It is still premature to talk about candidacies or make electoral forecasts. There is more than a year left until the election, and Argentine politics has shown its ability to surprise. However, with the information available today, a scenario of strong polarization between La Libertad Avanza and Kirchnerism seems to be taking shape. If a relevant “third force” does not emerge, Argentines will have to decide whether to deepen the economic transformation process initiated at the end of 2023 or return to a model that, for decades, led to stagnation, inflation, and decline.
It is worth starting with a clarification. Supporting the economic course does not imply claiming that the government did everything right. Like any process of deep transformation, Javier Milei's management was accompanied by political and economic errors. Some were the result of the inexperience typical of a force coming to power for the first time; others, of the imperfect nature of any management. What matters is not the absence of errors, but the speed and skill with which they are corrected.
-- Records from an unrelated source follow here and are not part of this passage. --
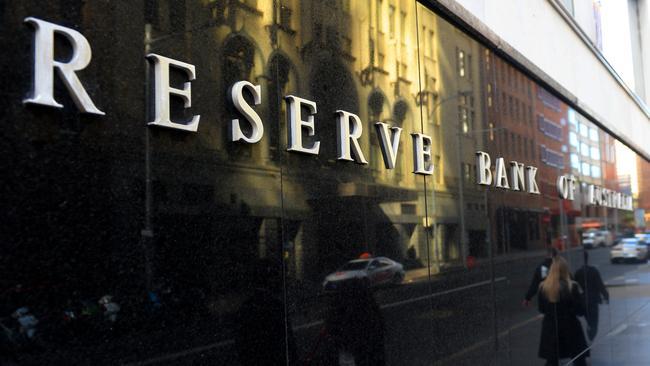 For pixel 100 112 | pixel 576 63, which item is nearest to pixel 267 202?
pixel 100 112

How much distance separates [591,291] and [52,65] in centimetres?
883

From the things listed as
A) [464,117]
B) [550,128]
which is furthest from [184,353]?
[550,128]

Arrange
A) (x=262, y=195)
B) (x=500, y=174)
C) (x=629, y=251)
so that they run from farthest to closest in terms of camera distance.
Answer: (x=629, y=251), (x=500, y=174), (x=262, y=195)

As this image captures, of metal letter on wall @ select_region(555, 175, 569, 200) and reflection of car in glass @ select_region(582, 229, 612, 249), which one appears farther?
reflection of car in glass @ select_region(582, 229, 612, 249)

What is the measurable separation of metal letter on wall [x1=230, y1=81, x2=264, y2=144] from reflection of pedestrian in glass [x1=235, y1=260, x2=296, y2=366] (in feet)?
2.28

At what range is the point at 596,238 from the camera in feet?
34.1

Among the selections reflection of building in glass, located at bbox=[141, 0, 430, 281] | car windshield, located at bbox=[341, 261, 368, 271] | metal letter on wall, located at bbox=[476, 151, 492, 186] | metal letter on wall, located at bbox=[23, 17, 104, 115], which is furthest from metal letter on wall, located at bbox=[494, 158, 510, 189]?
metal letter on wall, located at bbox=[23, 17, 104, 115]

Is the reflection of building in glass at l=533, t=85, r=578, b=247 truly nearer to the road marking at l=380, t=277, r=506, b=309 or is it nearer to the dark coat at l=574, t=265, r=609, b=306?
the dark coat at l=574, t=265, r=609, b=306

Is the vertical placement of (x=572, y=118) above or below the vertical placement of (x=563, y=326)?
above

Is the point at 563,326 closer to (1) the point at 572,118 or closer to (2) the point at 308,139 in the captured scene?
(1) the point at 572,118

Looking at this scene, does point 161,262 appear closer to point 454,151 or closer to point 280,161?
point 280,161

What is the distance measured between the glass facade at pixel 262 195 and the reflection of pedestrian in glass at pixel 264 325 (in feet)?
0.04

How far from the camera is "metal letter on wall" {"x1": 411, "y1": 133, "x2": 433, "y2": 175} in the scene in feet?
17.6

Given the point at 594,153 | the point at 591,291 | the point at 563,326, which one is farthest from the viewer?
the point at 594,153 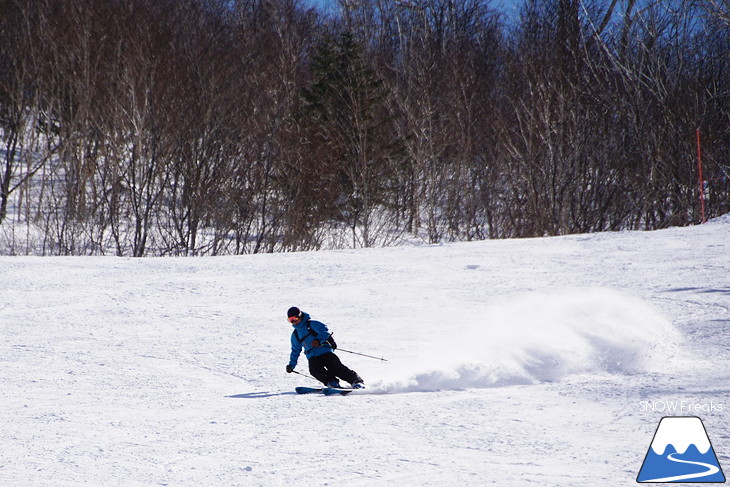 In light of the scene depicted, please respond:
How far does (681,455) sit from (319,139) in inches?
804

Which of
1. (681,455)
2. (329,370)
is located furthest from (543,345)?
(681,455)

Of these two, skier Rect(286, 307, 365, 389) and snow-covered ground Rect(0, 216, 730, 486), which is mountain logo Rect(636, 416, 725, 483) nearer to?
snow-covered ground Rect(0, 216, 730, 486)

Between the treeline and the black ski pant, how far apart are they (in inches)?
547

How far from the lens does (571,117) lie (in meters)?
24.2

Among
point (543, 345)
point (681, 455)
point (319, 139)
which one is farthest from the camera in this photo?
point (319, 139)

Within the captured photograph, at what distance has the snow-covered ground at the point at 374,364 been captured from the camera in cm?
485

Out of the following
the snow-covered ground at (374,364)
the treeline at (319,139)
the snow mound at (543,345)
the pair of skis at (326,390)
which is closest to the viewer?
the snow-covered ground at (374,364)

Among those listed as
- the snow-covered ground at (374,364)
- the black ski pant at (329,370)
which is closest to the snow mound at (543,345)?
the snow-covered ground at (374,364)

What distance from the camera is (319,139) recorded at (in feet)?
A: 79.7

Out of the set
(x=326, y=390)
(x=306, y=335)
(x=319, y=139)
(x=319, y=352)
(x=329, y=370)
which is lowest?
(x=326, y=390)

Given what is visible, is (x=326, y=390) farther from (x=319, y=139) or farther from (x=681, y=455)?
(x=319, y=139)

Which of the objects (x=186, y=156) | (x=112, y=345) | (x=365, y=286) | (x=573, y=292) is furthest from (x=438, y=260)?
(x=186, y=156)

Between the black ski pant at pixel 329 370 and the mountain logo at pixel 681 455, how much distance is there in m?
2.89

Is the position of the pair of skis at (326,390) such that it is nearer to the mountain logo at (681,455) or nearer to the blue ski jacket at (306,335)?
the blue ski jacket at (306,335)
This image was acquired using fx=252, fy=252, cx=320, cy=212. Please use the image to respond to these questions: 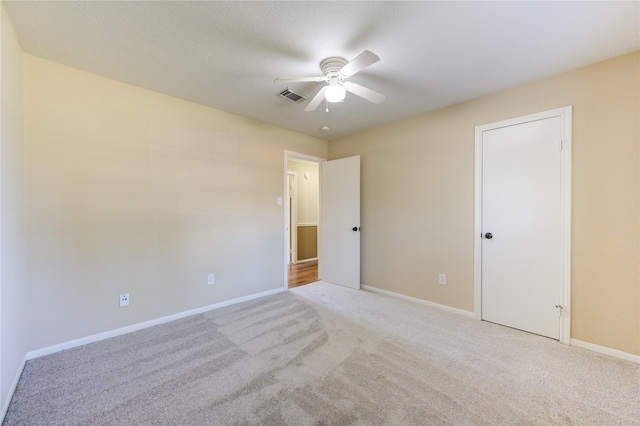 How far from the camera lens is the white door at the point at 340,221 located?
3869mm

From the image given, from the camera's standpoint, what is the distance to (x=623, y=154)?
2.00 meters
But one thing is to demand as citizens that economic policy be perfected, and quite another is to abandon the course to return to the same recipes that have failed time and again. Javier Milei came to the Presidency with the economic mandate to stabilize an economy that was on the brink of collapse.
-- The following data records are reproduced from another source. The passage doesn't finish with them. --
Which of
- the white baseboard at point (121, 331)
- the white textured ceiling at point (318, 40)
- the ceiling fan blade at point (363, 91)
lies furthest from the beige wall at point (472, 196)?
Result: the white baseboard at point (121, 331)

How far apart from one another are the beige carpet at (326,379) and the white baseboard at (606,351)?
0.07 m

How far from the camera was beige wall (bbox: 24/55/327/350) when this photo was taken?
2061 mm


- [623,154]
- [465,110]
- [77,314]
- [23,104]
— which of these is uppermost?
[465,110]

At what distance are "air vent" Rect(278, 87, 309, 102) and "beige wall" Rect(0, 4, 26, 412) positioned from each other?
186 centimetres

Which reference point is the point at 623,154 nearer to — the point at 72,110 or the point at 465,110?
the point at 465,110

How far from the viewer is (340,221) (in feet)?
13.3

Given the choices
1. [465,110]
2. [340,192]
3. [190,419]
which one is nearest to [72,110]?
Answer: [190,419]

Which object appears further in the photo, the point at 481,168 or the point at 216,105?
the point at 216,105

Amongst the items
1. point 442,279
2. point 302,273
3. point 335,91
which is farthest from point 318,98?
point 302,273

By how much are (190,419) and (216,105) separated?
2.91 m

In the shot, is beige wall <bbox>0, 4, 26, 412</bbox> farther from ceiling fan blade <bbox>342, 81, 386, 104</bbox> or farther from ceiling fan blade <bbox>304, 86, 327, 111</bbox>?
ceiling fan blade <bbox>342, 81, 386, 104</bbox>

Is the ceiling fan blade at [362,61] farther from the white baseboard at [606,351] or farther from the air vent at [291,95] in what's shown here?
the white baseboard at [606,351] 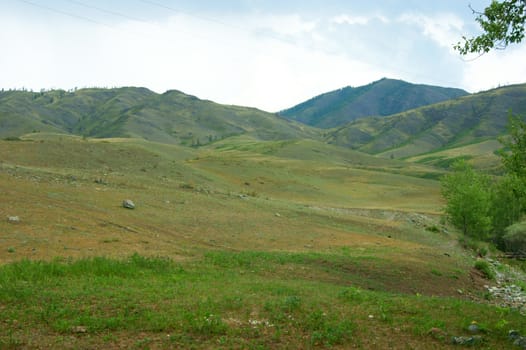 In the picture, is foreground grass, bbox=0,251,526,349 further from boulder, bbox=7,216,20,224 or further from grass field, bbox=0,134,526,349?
boulder, bbox=7,216,20,224

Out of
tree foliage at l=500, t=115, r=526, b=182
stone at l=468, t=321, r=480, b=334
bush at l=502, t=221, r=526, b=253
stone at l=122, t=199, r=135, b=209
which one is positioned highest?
tree foliage at l=500, t=115, r=526, b=182

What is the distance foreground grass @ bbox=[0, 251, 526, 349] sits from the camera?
9.61 metres

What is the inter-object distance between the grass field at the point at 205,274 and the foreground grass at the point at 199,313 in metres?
0.04

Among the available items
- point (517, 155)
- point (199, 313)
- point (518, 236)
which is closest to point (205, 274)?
point (199, 313)

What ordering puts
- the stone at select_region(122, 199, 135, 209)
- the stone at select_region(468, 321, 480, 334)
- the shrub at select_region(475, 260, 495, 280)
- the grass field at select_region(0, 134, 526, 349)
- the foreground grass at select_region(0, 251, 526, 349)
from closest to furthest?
the foreground grass at select_region(0, 251, 526, 349), the grass field at select_region(0, 134, 526, 349), the stone at select_region(468, 321, 480, 334), the shrub at select_region(475, 260, 495, 280), the stone at select_region(122, 199, 135, 209)

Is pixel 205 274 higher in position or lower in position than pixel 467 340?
lower

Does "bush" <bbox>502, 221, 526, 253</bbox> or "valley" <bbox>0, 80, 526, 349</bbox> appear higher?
"valley" <bbox>0, 80, 526, 349</bbox>

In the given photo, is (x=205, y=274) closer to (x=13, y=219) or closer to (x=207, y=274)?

Two and a half years from that starting point, the landscape is substantially different. Mentioning all the advances would be impossible in a single opinion column. It suffices to mention a few: the primary fiscal surplus has ceased to be an exception to become a rule, the Central Bank has begun a deep cleaning of its balance sheet, inflation - with its ups and downs - has decreased much faster than expected, credit has returned, foreign trade has normalized, there has been no more shortages, and strategic sectors such as agriculture, mining, and oil have regained incentives to invest and expand. No variable better summarizes the regime change than the drop in country risk, from 1,920 to 437 basis points.
Perhaps the government's greatest achievement cannot be summarized in an economic indicator. The real change was altering long-term expectations. For years, companies and families made decisions thinking about how to survive the next crisis. Today, slowly, the possibility of planning, investing, and producing with a longer horizon is re-emerging. This normalization, although still incomplete, constitutes one of the most important assets that Argentina could receive in 2027.
That does not mean that the task is finished. It would be a mistake to present economic policy as a finished model. In the monetary-exchange realm, traits of the previous regime, which aimed to be left behind, still persist: exchange restrictions that still limit the free movement of capital, a clamp for legal entities, and a discretionary monetary policy that is highly dependent on the Ministry of Economy. Although Javier Milei came to power proposing to close the Central Bank, at a minimum, he should move towards an independent monetary authority, with clear rules and free of discretion. It is a pending debt.